Buying software? Ignore references
As a (small) software entrepreneur, it is amazing to witness how hell is breaking loose when certain large software vendors start deploying their “solutions”. Even more fascinating, is that, after causing massive damage, the vendor just signs another massive deal with another large company and hell breaks loose again. Repeat this one hundred times, and you witness a world-wide verticalized software leader crippling an entire industry with half-backed technology.
Any resemblance between the characters in this post and any real retail company is purely coincidental.
I did already point out that Requests For Quotes (RFQ) were a recipe for disaster, but RFQs alone do not explain the scale of the mess. As I have become more familiar with selling to large companies, I now tend to think that one heavyweight driver behind these epic failures is a banal flaw of the human mind: we massively overvalue other people’s opinion on a particular subject instead of relying on our own judgment.
In B2B software, one’s references usually come from is a person who works in a company similar to the one you are trying to sell to, and who, when called by your prospects, conveys exceptionally positive feelings about you and extremely vague information about your solution. Having tested this approach myself, I can say that the results are highly impressive: the reference call is an incredibly efficient sales method. Thus, it is pretty safe to assume that any sufficiently large software B2B vendor is also be acutely aware of this pattern as well.
At this point, for the vendor, it becomes extremely tempting not to merely stumble upon happy customers who happen to be willing to act as referees, but to manufacture these references directly, or even to fake them if it’s what it takes. How hard could this be? It turns out that it’s not hard at all.
As a first-hand witness, I have observed that there are two main paths to manufacture such references, which I would refer to as the non-subtle path and the subtle path. My observations indicate that both options are routinely leveraged by most B2B software vendors once they reach a certain size.
The non-subtle path is, well, not subtle: the vendor pays.
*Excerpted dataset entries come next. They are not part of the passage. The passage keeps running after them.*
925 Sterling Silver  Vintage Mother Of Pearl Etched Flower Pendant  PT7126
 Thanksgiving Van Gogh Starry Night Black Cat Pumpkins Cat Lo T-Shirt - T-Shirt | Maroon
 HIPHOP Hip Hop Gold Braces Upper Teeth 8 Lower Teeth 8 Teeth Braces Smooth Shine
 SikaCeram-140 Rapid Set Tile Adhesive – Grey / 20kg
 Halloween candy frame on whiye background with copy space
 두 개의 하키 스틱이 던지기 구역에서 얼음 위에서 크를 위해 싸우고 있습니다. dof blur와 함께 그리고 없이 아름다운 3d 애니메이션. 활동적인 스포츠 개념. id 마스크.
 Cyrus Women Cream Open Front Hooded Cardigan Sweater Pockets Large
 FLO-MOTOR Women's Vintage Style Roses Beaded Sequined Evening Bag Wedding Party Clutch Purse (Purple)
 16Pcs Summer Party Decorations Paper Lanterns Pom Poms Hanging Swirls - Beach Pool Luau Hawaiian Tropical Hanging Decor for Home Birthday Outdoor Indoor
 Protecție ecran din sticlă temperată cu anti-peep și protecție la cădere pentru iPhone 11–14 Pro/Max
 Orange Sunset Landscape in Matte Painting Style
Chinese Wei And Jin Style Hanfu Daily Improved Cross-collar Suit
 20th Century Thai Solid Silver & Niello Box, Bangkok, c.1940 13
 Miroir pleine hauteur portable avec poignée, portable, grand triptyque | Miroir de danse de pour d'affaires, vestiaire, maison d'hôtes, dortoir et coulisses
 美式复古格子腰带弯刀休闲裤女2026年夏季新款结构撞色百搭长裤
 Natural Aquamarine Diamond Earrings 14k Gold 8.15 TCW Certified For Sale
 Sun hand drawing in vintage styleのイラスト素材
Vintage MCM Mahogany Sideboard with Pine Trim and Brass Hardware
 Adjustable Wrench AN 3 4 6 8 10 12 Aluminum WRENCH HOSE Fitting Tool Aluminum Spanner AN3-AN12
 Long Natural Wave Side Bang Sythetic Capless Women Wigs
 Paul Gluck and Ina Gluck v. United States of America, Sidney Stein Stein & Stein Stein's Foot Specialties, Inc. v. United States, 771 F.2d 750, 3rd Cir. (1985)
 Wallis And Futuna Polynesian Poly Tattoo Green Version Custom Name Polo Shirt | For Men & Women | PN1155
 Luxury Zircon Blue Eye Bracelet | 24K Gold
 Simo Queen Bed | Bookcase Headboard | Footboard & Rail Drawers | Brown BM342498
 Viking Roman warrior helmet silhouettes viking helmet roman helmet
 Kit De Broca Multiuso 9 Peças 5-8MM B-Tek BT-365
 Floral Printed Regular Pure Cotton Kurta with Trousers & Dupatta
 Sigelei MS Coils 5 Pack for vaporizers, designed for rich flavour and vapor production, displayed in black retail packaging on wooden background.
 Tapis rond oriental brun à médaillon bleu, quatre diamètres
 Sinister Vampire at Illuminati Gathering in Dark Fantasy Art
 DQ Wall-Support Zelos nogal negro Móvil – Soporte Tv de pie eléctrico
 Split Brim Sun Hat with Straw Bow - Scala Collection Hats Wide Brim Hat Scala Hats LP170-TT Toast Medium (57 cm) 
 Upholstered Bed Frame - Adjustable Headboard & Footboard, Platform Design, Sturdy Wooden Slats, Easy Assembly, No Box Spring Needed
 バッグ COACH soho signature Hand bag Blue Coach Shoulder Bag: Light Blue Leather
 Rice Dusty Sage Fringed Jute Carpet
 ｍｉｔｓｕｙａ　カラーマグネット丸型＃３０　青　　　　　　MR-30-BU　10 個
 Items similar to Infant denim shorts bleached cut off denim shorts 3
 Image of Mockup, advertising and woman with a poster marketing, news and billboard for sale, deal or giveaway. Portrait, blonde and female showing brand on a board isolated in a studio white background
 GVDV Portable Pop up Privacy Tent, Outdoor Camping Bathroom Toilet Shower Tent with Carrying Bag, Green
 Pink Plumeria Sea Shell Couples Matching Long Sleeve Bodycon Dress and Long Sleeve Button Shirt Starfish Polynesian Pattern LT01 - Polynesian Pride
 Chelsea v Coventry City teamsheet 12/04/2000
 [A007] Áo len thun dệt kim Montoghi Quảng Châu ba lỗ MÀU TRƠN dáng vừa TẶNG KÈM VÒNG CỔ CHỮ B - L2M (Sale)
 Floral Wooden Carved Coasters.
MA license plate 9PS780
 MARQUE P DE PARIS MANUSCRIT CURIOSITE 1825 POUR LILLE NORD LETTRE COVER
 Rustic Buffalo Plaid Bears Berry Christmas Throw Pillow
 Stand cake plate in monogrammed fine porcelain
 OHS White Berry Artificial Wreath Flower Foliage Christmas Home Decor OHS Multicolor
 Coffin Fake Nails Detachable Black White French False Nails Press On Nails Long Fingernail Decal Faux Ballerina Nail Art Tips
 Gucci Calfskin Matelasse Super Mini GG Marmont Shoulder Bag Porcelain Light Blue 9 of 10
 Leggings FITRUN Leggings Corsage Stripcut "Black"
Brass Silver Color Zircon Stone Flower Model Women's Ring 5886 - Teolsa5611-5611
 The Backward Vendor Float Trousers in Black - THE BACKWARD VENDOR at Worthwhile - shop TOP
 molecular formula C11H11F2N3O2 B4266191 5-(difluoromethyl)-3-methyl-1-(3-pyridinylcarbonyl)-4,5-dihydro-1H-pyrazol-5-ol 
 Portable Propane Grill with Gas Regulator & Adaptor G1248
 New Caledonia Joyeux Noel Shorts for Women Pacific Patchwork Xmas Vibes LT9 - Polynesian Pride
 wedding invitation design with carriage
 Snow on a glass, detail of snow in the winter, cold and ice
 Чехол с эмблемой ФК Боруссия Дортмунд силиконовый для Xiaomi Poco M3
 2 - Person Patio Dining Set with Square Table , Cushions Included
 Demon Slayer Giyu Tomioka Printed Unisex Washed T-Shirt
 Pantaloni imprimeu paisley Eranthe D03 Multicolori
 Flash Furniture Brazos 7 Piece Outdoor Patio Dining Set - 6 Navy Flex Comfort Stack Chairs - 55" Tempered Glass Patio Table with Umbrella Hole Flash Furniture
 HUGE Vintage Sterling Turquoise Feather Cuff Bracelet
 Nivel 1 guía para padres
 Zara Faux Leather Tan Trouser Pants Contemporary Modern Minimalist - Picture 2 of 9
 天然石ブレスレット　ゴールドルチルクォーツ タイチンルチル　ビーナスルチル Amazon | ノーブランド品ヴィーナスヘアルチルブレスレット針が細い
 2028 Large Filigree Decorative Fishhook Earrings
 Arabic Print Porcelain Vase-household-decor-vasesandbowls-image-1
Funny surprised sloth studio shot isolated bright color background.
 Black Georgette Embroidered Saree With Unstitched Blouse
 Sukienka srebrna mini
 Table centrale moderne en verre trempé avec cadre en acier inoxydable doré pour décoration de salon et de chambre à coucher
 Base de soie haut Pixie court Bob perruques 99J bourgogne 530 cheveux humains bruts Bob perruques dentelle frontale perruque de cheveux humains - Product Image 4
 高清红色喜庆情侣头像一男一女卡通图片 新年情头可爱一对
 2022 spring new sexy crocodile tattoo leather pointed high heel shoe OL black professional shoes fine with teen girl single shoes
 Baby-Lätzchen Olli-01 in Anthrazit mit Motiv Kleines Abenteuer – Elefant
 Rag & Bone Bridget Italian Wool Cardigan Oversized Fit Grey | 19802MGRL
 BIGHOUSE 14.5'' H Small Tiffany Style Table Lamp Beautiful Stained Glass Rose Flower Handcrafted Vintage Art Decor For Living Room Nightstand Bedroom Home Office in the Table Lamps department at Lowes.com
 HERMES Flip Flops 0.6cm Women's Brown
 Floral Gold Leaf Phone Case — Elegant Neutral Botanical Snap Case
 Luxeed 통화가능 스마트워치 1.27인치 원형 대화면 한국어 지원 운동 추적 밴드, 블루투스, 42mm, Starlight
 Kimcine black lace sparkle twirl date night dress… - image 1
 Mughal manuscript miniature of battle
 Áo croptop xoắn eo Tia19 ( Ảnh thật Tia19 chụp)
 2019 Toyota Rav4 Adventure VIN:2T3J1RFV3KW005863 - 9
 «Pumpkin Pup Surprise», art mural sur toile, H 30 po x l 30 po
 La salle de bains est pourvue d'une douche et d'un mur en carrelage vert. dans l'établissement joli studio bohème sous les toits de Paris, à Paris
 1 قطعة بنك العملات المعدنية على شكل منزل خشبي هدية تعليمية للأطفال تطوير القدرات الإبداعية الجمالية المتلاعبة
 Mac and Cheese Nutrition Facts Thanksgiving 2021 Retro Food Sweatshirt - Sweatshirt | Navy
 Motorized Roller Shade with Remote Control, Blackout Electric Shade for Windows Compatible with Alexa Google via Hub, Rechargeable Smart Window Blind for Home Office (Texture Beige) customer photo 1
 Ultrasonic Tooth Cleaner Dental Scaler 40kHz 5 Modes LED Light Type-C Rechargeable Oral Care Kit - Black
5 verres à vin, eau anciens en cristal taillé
Don’t get me wrong, there is no bribery involved or anything that would be against the law. Your “reference” company gets paid through a massive discount on its own setup fee, and is under a strict agreement that they will play their part in acting as a reference later on. Naturally, it is difficult to include this in the official contract, but it turns out that you don’t need to. Once a verbal agreement is reached, most business executives stick to the spirit of the agreement, even if they are not bound by written contract to do so. Some vendors go even a step further by directly offering a large referral fee to their flagship references.
The subtle path takes another angle: the vendor overinvests to make the “reference” client happy. Indeed, usually, even the worst flaws of an enterprise software can be fixed given unreasonable efforts, that is, efforts that go well beyond the budget of your client. As a vendor, you still have the option to pick a few clients where you decide to overinvest and make sure that they are genuinely happy. When the time comes and a reference has to be provided, the reference is naturally chosen as one of those “happy few” clients who benefit from an outstanding service.
While one can be tempted to argue that the subtle path is morally superior to the non-subtle path, I would argue that they are both equally deceptive, because a prospect gets a highly distorted view of the service actually provided by the vendor. The subtle path has the benefit of not being a soul crushing experience for the vendor staff, but many people accommodate the non-subtle path as well.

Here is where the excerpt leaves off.